While the members of the second Continental Congress didn't celebrate American independence with picnics or backyard grilling the way we do today, they did their share of celebrating. Smithsonian takes a look at the food that was available to the Founding Fathers in Philadelphia at the time, but the more interesting subject was what -and how much- they drank. They drank a lot of alcohol. George Washington was known for spending prodigiously on drinks for everyone, while Thomas Jefferson worked to produce better wine. Benjamin Franklin was the most famous drinker of the bunch, because he wrote about his appreciation of alcohol. Steven Grasse and Reverend Michael Alan, who produced a book on colonial drinking, tell us more.   

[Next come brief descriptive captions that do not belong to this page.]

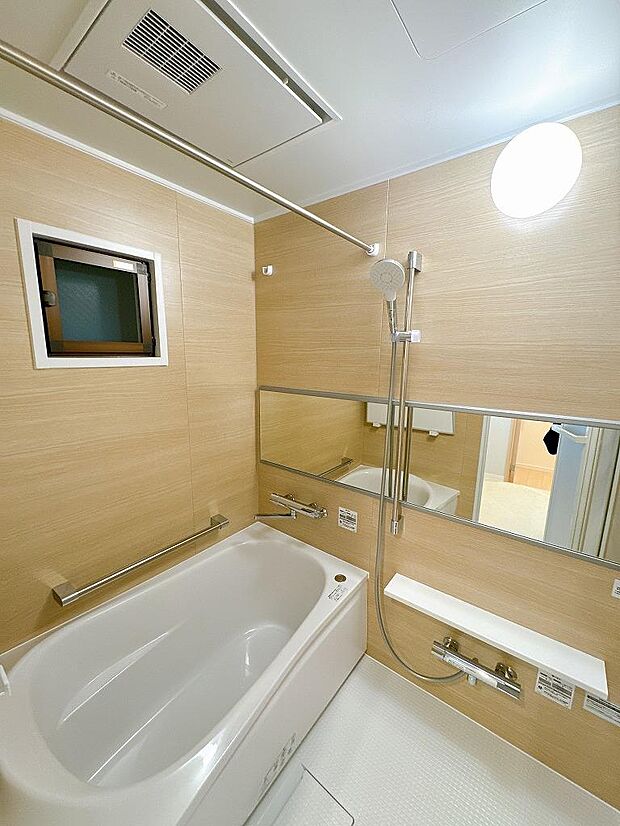 小窓がある浴室で衛生的。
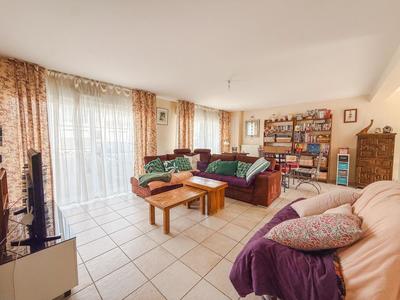 Maison - 184 m² - 8 pièces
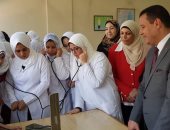 نائب رئيس جامعة أسيوط يتفقد كلية التمريض للاطمئنان على سير العملية التعليمية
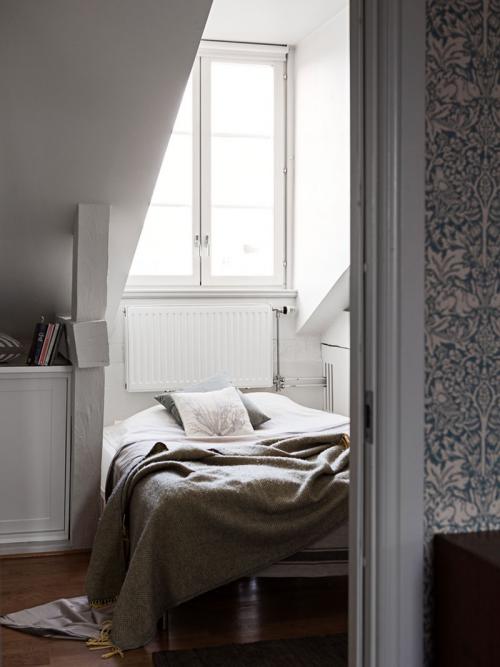 Мансардная квартира с библиотекой и печкой-камином 17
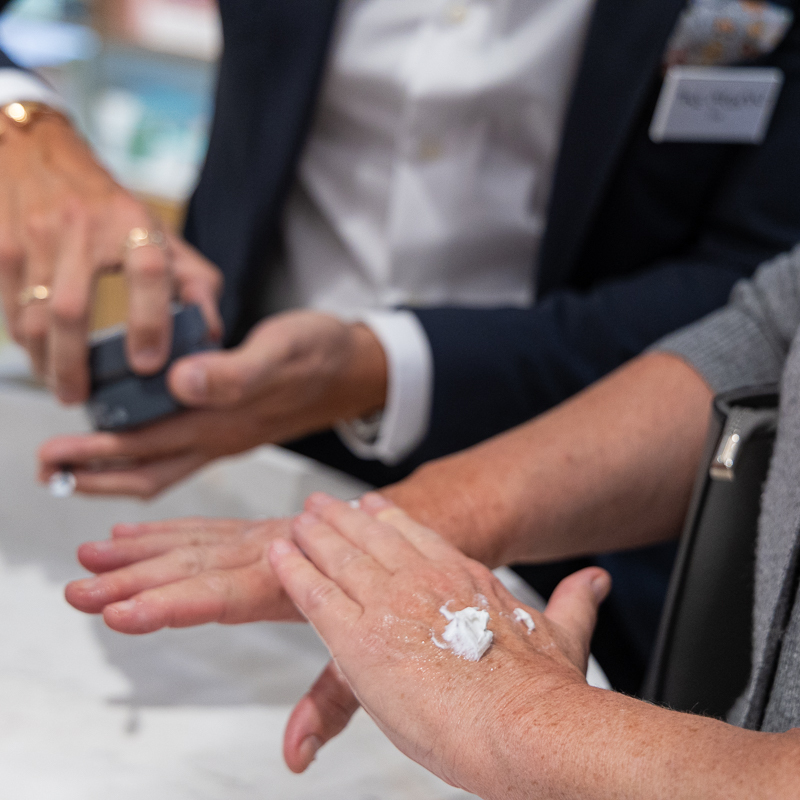 zuerst ein angenehmes Handpeeling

Benjamin Franklin was especially unabashed about his love of “the cups.” Though Grasse writes that he was careful to advise temperance, he regularly enjoyed wine and what some might argue were early iterations of craft cocktails. His favorite, according to Alan, was milk punch, a three-ingredient brandy-based sip whose two non-alcoholic components–milk and lemon juice–washed and refined its third. Another Franklin foodie badge is his “Drinkers’ Dictionary,” a compendium of Colonial slang describing the state of drunkenness. Initially printed in 1737 in the Pennsylvania Gazette, its publication made Franklin one of America’s first food and drink writers.

Then there was Alexander Hamilton, who reportedly couldn't hold his liquor as well as the others. Read about the food and drink of the Founding Fathers at Smithsonian.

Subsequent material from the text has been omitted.